I see relationships as a chain. We're all linked to one another. If we've met, we have a relationship, albeit a fairly shallow one.

I'm young, so I don't really know, but from what my parents have told me, that chain used to mean something. A lot of philosophers have said it, too -- we're supposedly born with benevolence, or empathy, or whatever word means I care about you because we're both flesh and blood and you need compassion. Hume wrote that. I don't know what's happened since the Enlightenment, but it seems we've devolved. We, as humans, aren't human anymore. We're a graph, charting slopes and marginal cost versus benefit. We're checklists, searching for propriety and perfection where they will never exist because we so want our lives to be ideal.
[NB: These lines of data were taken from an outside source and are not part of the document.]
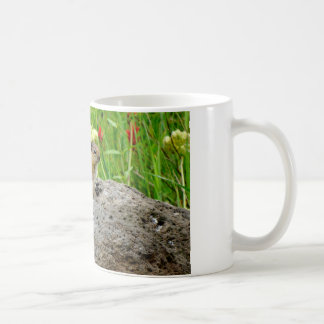 Caneca De Café Esfregões e flores silvestres
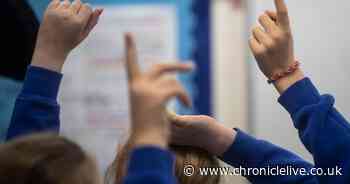 Gateshead residents urged to have their say on special educational needs services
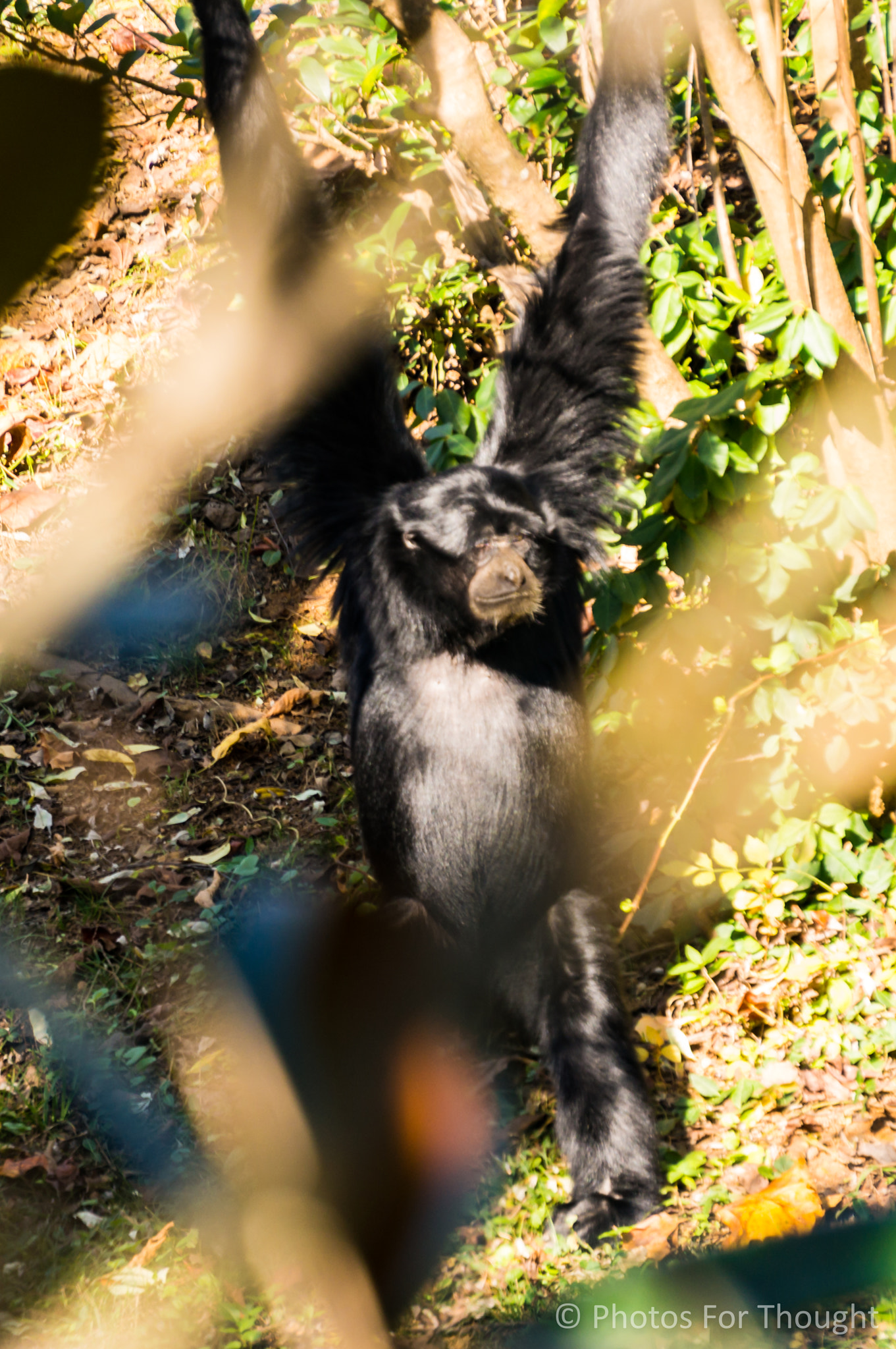 Sony Alpha NEX-5R sample photo. Hang about photography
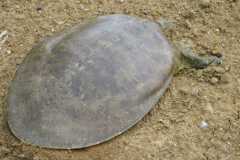 Wildlife-Fyre-Lake-135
We look until eventually we grow weary, but still we can't believe that caring is the answer because it seems antiquated, time-consuming, and possibly painful. We can't trust that the person with the power will be benevolent, and so we shy away from that crazy chain and return to our checklist, our graph, our everything "objective" and "rational" so that we don't have to risk feeling something.

That's the most frightening thing of all -- the fact that we are slowly transforming into a population that physically can't feel. We're too scared, too egotistical, too desirous of perfection. Too afraid that if we take a leap of faith, we'll fall.

We all know what it is to fall. Why would we be so hesitant to care if we didn't? We've done it once or twice and decided no more. Kant thought that as independent, free-thinking people, we'd fall only a few times before we found our feet, but those few times might be enough to deter us from ever standing again. I think he was right.

But the thing is we must stand. We must. Because the future of the human race lies in the balance. The future of the chain. It matters. We matter. Relationships matter.

It's time to throw away the graph paper and the checklist. We're worth more than calculations, and nothing good ever came from filling in boxes.